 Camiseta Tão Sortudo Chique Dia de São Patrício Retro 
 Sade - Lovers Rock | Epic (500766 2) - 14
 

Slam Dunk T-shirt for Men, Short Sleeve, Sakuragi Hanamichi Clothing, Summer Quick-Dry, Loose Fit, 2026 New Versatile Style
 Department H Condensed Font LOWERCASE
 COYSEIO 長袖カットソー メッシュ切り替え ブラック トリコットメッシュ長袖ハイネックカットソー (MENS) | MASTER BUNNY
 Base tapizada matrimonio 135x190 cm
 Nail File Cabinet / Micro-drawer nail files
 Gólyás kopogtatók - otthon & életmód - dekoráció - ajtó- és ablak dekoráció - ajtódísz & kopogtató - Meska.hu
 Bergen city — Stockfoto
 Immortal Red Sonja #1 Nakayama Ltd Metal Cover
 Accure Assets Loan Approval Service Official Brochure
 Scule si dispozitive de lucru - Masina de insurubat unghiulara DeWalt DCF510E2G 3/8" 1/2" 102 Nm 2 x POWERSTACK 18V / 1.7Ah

> [THE PROBLEM]:
Copy exactly the lines above, from the one containing "Slam Dunk T-shirt" through the very last line.

> [TASK SOLUTION]:
Slam Dunk T-shirt for Men, Short Sleeve, Sakuragi Hanamichi Clothing, Summer Quick-Dry, Loose Fit, 2026 New Versatile Style
 Department H Condensed Font LOWERCASE
 COYSEIO 長袖カットソー メッシュ切り替え ブラック トリコットメッシュ長袖ハイネックカットソー (MENS) | MASTER BUNNY
 Base tapizada matrimonio 135x190 cm
 Nail File Cabinet / Micro-drawer nail files
 Gólyás kopogtatók - otthon & életmód - dekoráció - ajtó- és ablak dekoráció - ajtódísz & kopogtató - Meska.hu
 Bergen city — Stockfoto
 Immortal Red Sonja #1 Nakayama Ltd Metal Cover
 Accure Assets Loan Approval Service Official Brochure
 Scule si dispozitive de lucru - Masina de insurubat unghiulara DeWalt DCF510E2G 3/8" 1/2" 102 Nm 2 x POWERSTACK 18V / 1.7Ah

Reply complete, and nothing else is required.